> _Work task_
Exact wording is required: give all the records again, minus the pictures.

> _Caption-style text data_

- - -

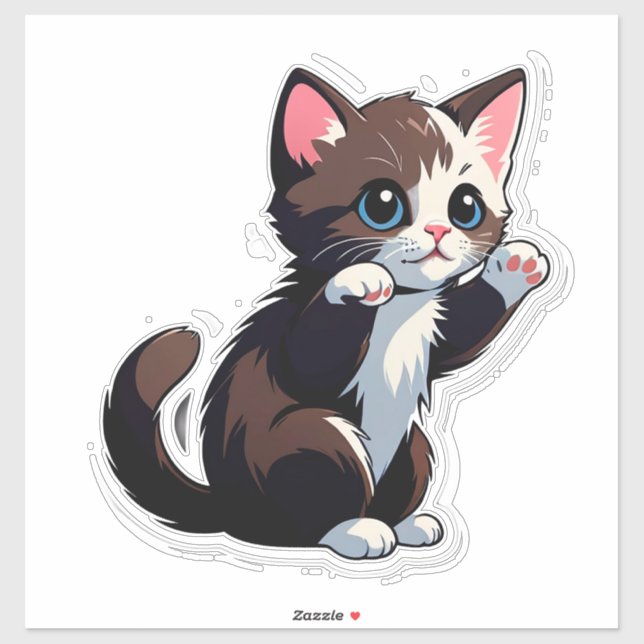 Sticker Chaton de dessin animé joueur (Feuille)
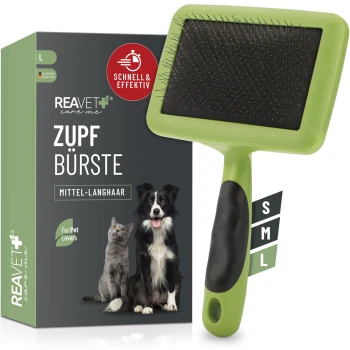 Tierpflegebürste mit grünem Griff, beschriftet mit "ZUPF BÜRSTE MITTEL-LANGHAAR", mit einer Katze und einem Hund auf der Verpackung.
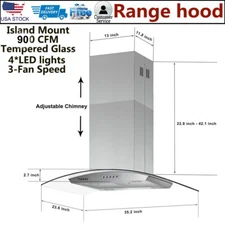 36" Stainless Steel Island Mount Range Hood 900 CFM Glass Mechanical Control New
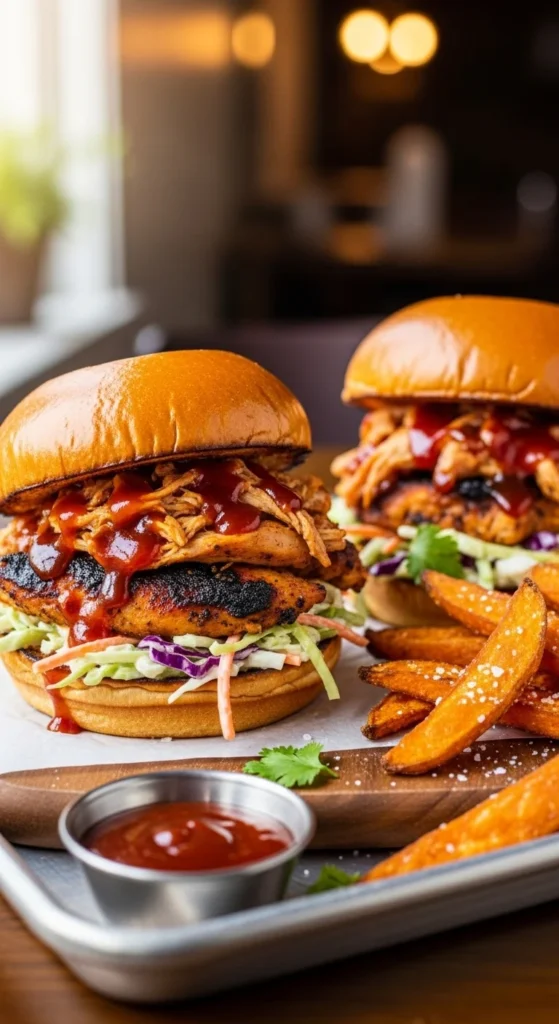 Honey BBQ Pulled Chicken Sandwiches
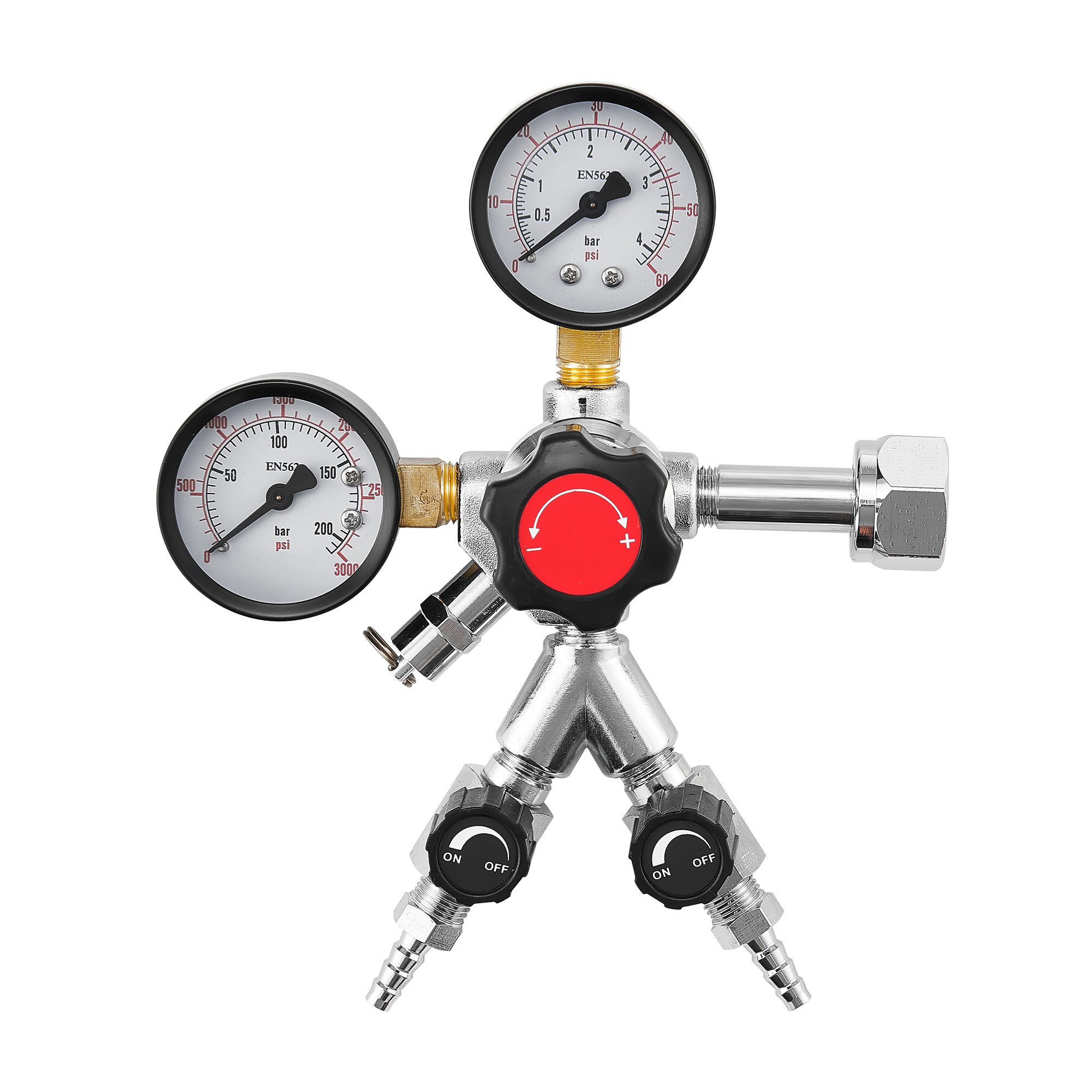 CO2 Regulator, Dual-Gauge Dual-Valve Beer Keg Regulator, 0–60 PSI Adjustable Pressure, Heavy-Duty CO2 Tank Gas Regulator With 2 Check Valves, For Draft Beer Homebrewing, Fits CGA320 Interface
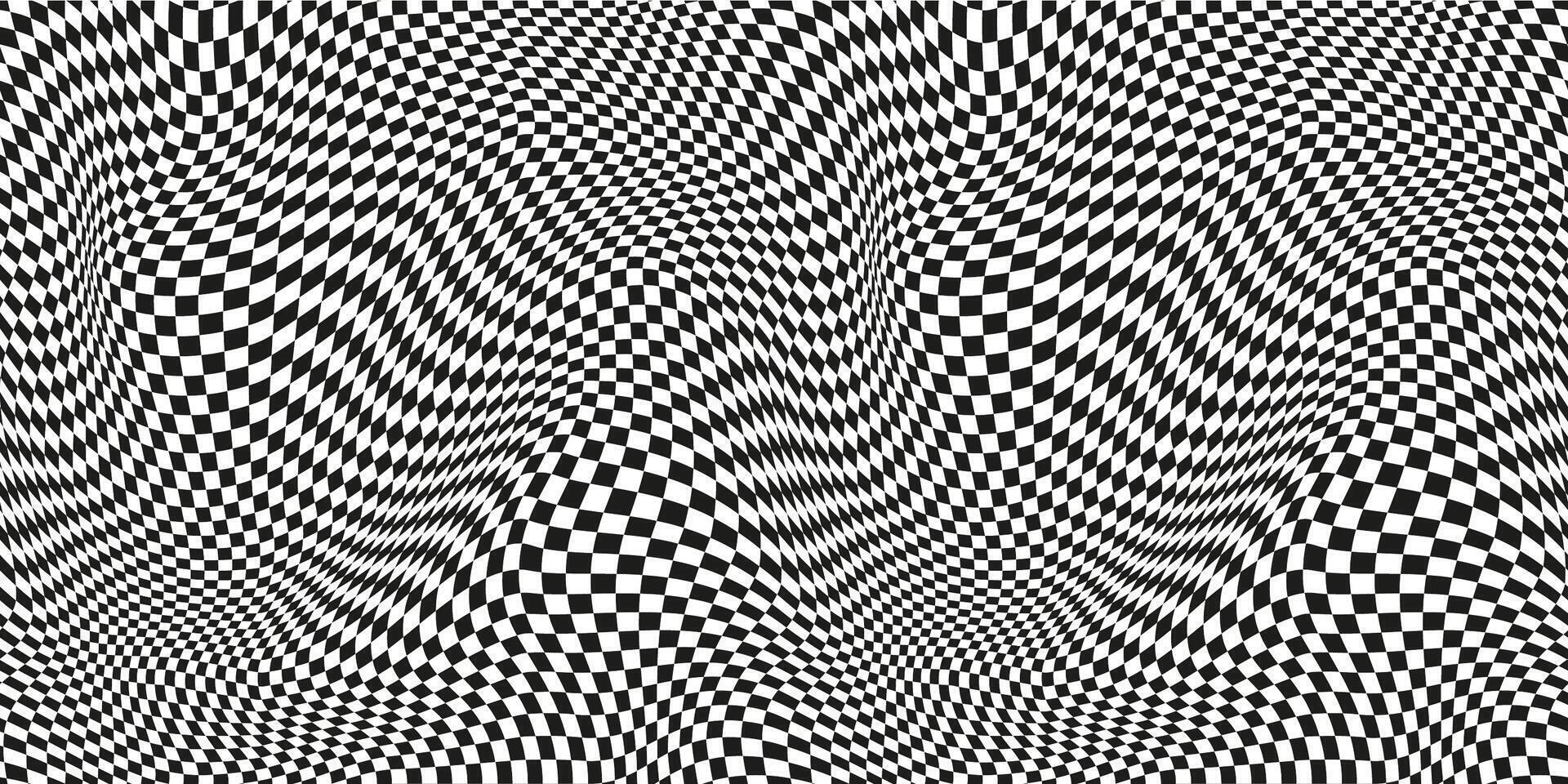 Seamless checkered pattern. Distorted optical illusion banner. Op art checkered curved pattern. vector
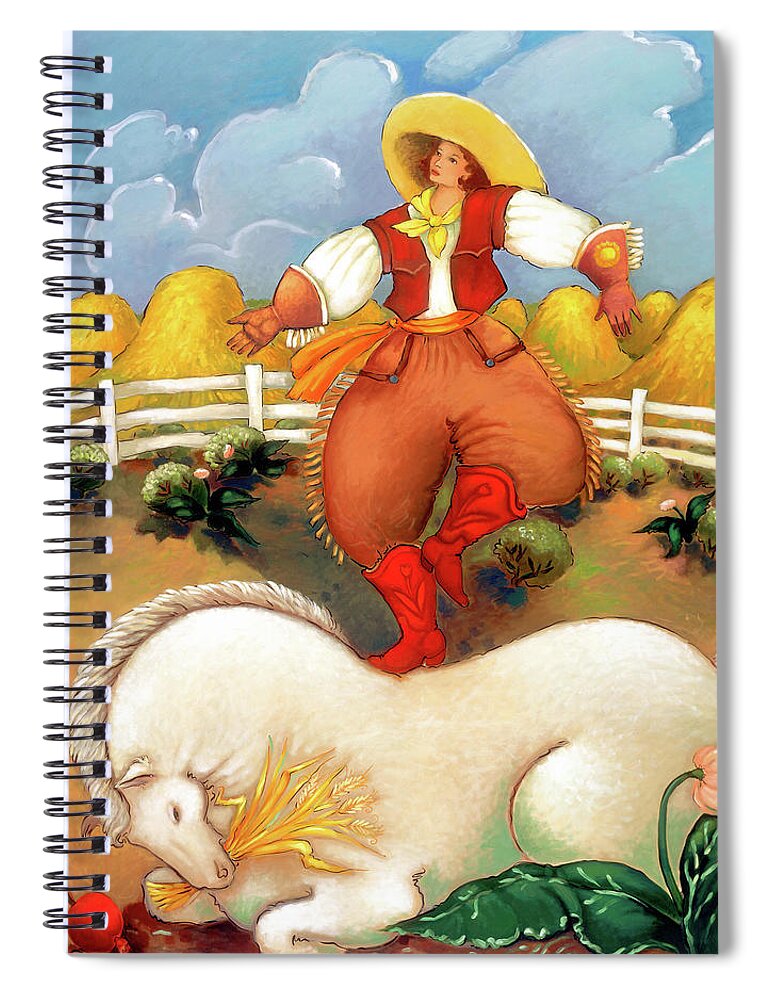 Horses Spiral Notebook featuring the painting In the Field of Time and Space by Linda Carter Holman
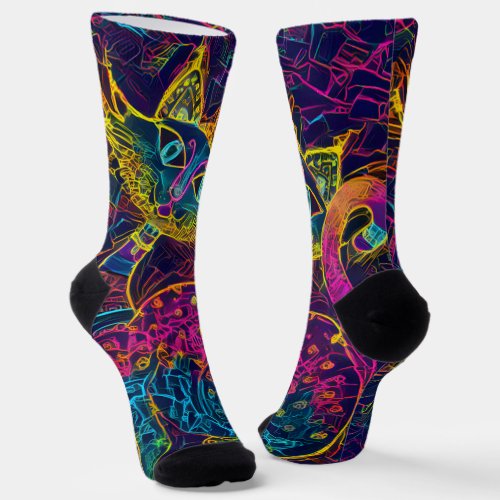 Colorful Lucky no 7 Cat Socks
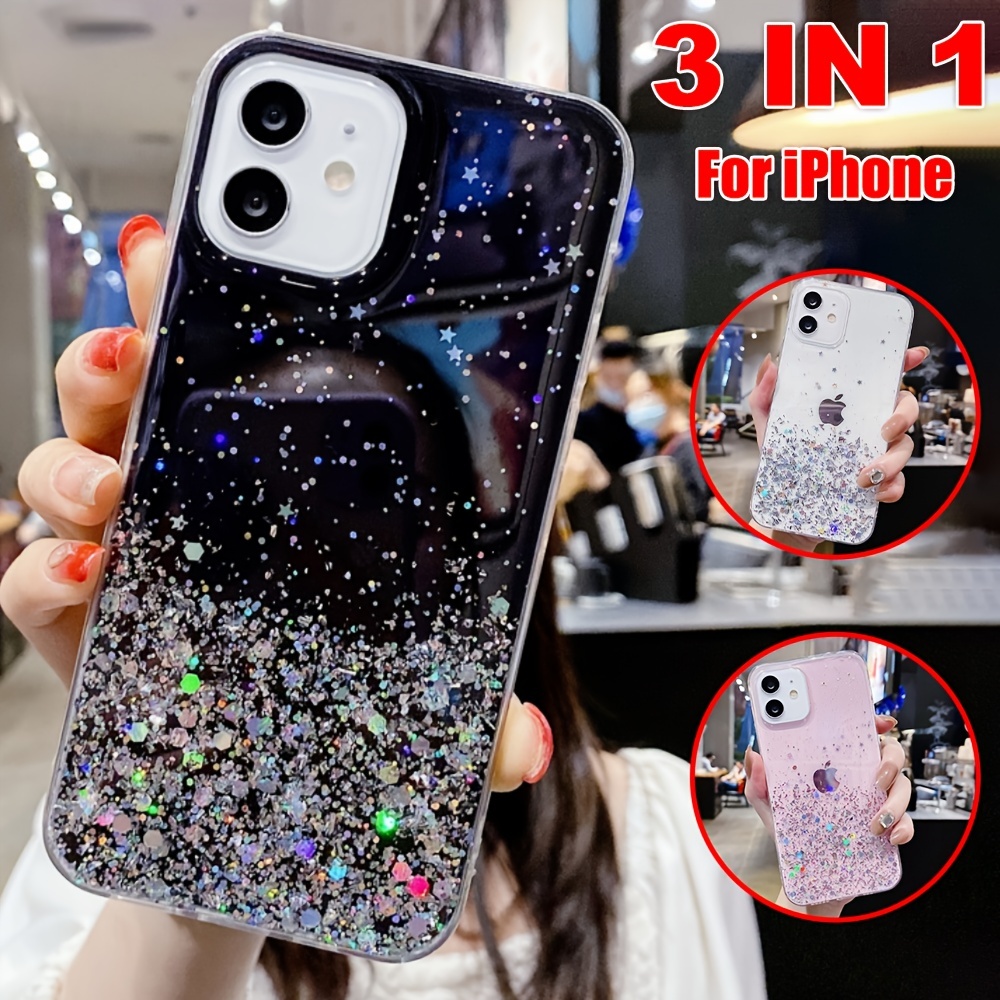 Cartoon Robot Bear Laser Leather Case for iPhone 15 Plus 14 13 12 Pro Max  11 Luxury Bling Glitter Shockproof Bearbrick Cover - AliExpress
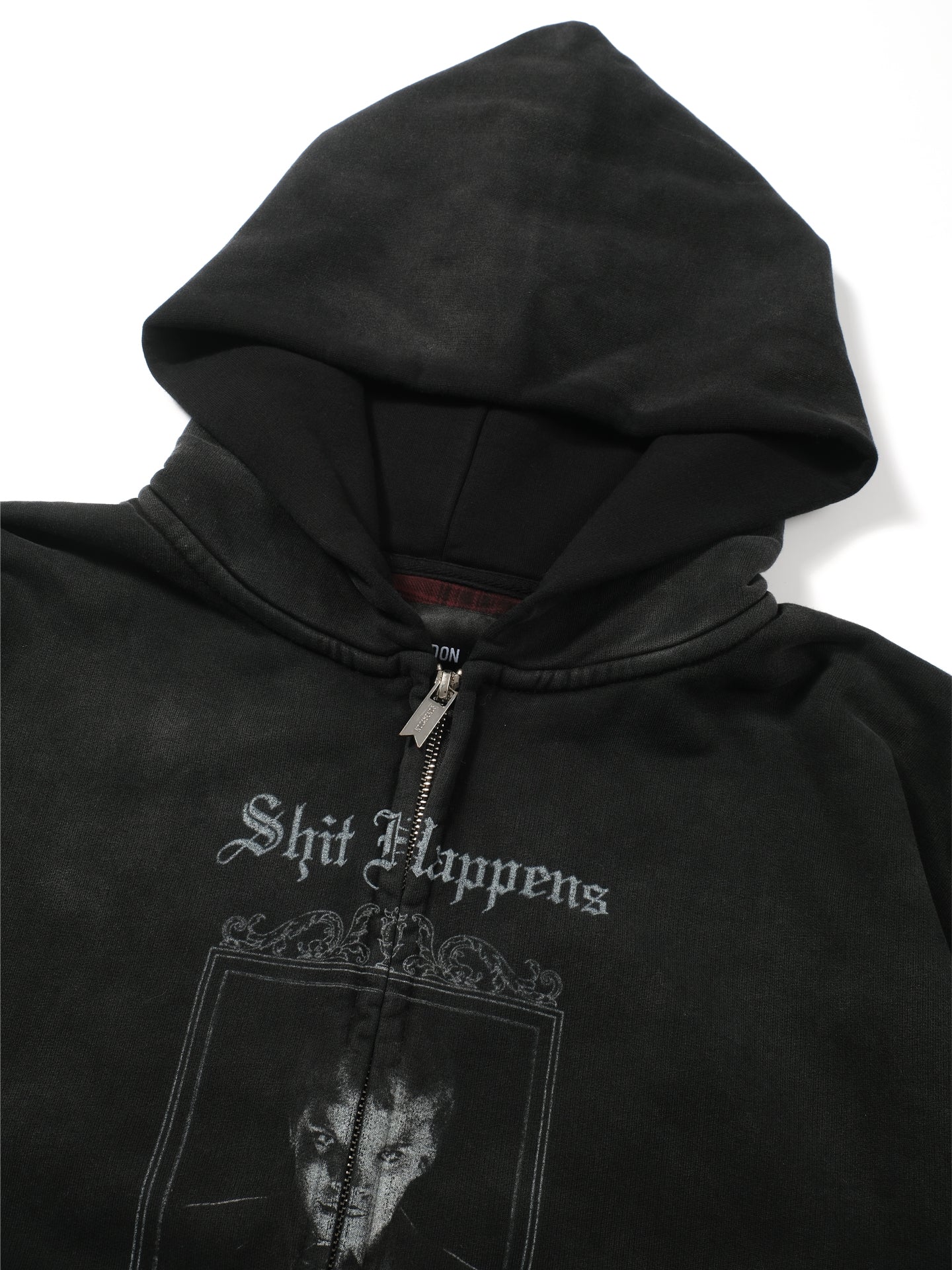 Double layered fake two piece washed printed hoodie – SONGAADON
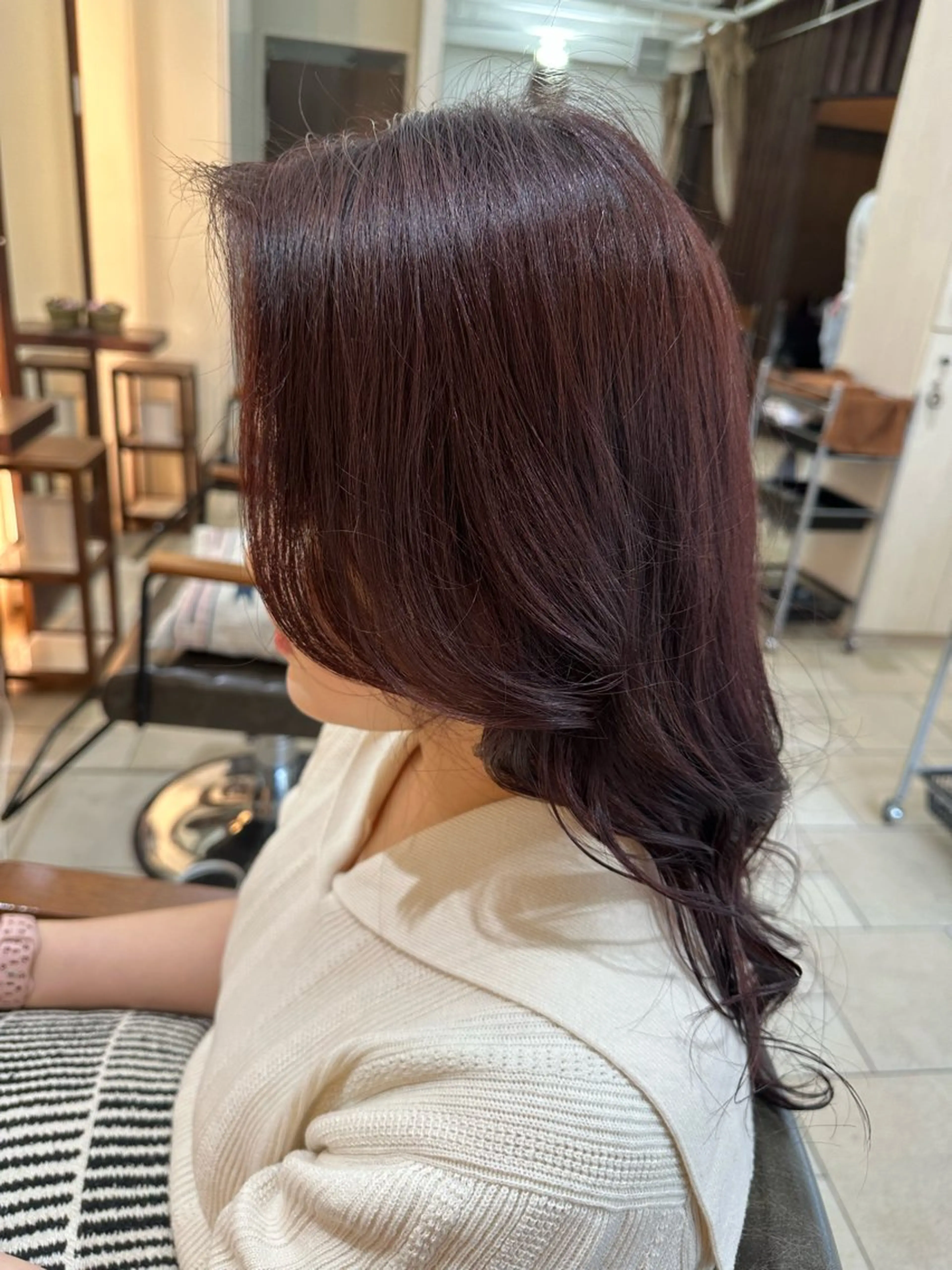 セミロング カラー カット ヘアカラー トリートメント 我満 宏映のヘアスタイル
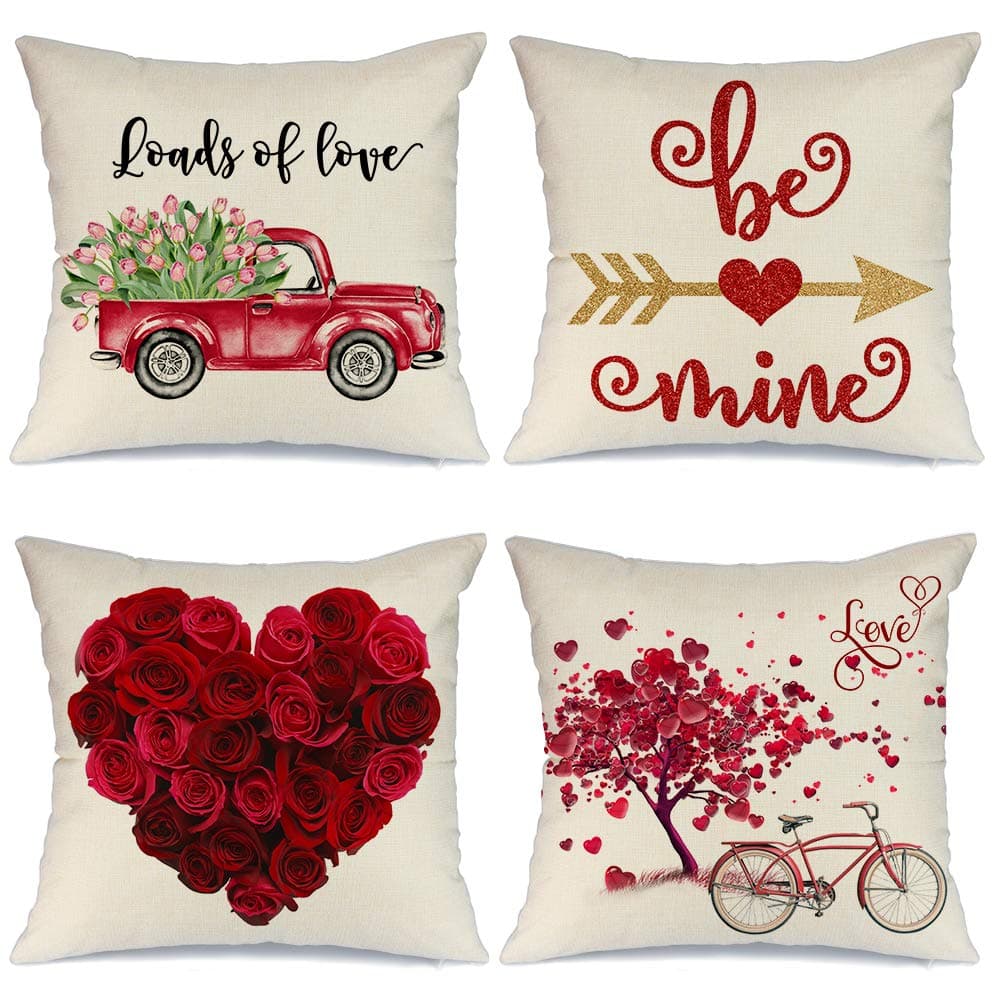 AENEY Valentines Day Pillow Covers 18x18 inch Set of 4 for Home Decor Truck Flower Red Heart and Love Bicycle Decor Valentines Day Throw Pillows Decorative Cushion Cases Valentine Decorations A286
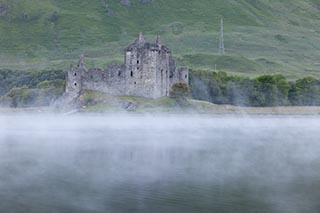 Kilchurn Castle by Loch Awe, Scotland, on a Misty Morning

- - -

> _Written answer_
 Sticker Chaton de dessin animé joueur (Feuille)
 Tierpflegebürste mit grünem Griff, beschriftet mit "ZUPF BÜRSTE MITTEL-LANGHAAR", mit einer Katze und einem Hund auf der Verpackung.
 36" Stainless Steel Island Mount Range Hood 900 CFM Glass Mechanical Control New
 Honey BBQ Pulled Chicken Sandwiches
 CO2 Regulator, Dual-Gauge Dual-Valve Beer Keg Regulator, 0–60 PSI Adjustable Pressure, Heavy-Duty CO2 Tank Gas Regulator With 2 Check Valves, For Draft Beer Homebrewing, Fits CGA320 Interface
 Seamless checkered pattern. Distorted optical illusion banner. Op art checkered curved pattern. vector
 Horses Spiral Notebook featuring the painting In the Field of Time and Space by Linda Carter Holman
 Colorful Lucky no 7 Cat Socks
 Cartoon Robot Bear Laser Leather Case for iPhone 15 Plus 14 13 12 Pro Max  11 Luxury Bling Glitter Shockproof Bearbrick Cover - AliExpress
 Double layered fake two piece washed printed hoodie – SONGAADON
 セミロング カラー カット ヘアカラー トリートメント 我満 宏映のヘアスタイル
 AENEY Valentines Day Pillow Covers 18x18 inch Set of 4 for Home Decor Truck Flower Red Heart and Love Bicycle Decor Valentines Day Throw Pillows Decorative Cushion Cases Valentine Decorations A286
 Kilchurn Castle by Loch Awe, Scotland, on a Misty Morning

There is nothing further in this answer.